Pickard recently returned from the Commonwealth Powerlifting and Benchpress Championships in Canada, where she collected three gold medals and a bronze.
The achievement is made even more impressive when you consider that she only discovered powerlifting by accident after her two young children were born.
[I felt] the buzz, the sense of achievement, and I thought ‘I think I like this sport’.
Pickard said she gained a lot of weight after having her children, deciding to join the local gym to try and rebuild her self-confidence.
“Before kids I was a smoker. When I had the kids I gave up smoking and found a new love for food,” she said.
“I think with my son I hit 105 kilograms, and I’m five-foot-four, so I was nearly as wide as I was tall.
“[I thought] I don’t want to be unhappy and self-conscious about my body, so I made a decision [to go to the gym],” she said.

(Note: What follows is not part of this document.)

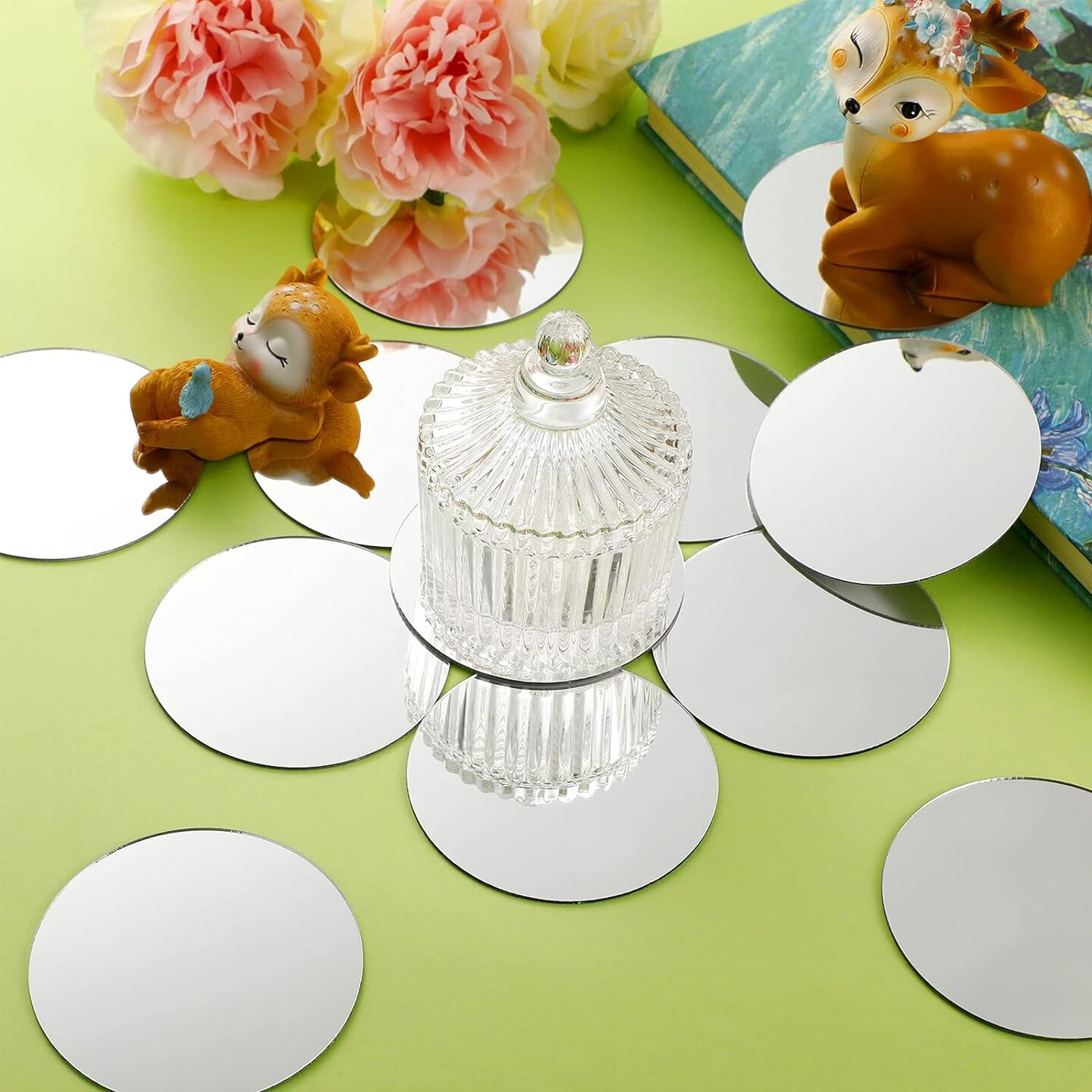 25 Pcs Small Round Mirror 8 Inch Mirror Tiles for Crafts Adhesive Mirror Tiles Mosaic Mirror Tiles Round Decorative Glass Mirror for Home Wall DIY Crafts(3 Inch in Diameter)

Pickard began working out regularly and after 12 months was approached by a woman at the gym.
“This strong looking lady walked past and came back and said to me, ‘You look like a powerlifter’ and I said ‘What’s a power lifter?’,” Pickard said.
The woman was former World Powerlifting champion Katrina Robertson, who explained that powerlifting involved three different lifts — a squat, a bench and a dead lift.
Robertson agreed to coach her and Pickard said she quickly found a love for the sport.
Five weeks after beginning training, Pickard took part in her first powerlifting competition in Townsville.
“[I felt] the buzz, the sense of achievement, and I thought ‘I think I like this sport’,” she said.
Unique training method a success
After Robertson moved away from central Queensland, Pickard began training on her own but found it difficult.
“I felt lost,” she said.
“I went from having this coach, this big figure sheltering me at competitions, to nothing.”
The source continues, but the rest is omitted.